Back on the Server, another consumer is watching reply streams. It sees the result come back under Alice’s request_id, wakes up the HTTP handler that was waiting, and returns the JSON. Meanwhile, completely out of the critical path, the DB Worker consumes those db_events and writes the order, the trade, the balance change into Postgres.

That “send a request, wait for a reply keyed by ID” dance is a little request-response pattern wrapped up in a shared redis-client package. We’ll take it apart in its own chapter.

The part worth carrying with you

Look again at where the database sits in that story. The hot path — read the command, match it, reply — never touches Postgres. Writing to the database happens afterward, asynchronously, off to the side. If the database lags, or hiccups, or falls over for a minute, trades keep matching at full speed. The Engine’s in-memory state is the source of truth; the database is its mirror, catching up a beat behind.

That used to feel wrong to me — surely the database is the truth?

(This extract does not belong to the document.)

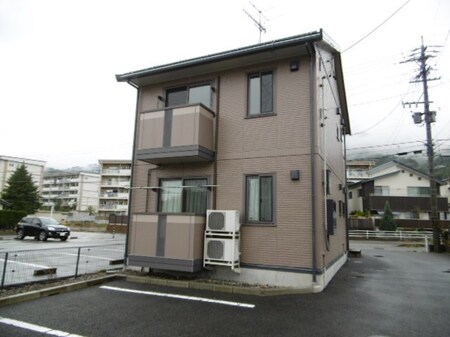 シャルル　アモリ　Ｂ棟外観写真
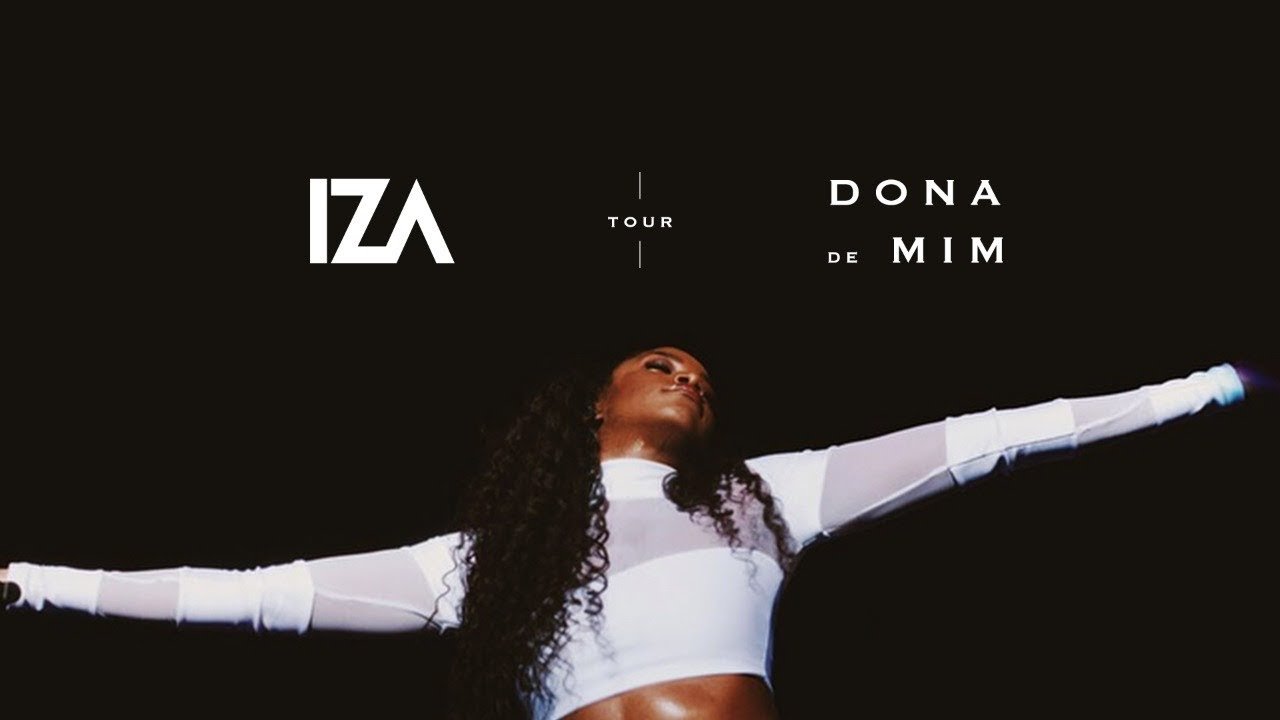 Backdrop for IZA - Dona de Mim Tour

But in a system that has to be fast and correct under load, you learn to flip it. Memory is truth, persistence is a consequence. It’s also exactly the trade-off that opens up the next set of questions: what if the reply gets lost? What if the Engine restarts and its memory is gone? Those aren’t holes I’m glossing over — they’re the whole point of later chapters on messaging reliability and on a write-ahead log that lets the Engine rebuild its state after a crash.

Where we go next

So that’s the lay of the land: three services with one job each, talking over Redis, and a hot path that stays clear of the database on purpose. With this map in your head, the code in the coming chapters won’t feel like wandering — you’ll always know which box you’re standing in.

From here the series goes hands-on, module by module, starting from an empty repository: the project scaffold, then the account model, then the matching engine itself. And as promised — every line in the open, free, no strings.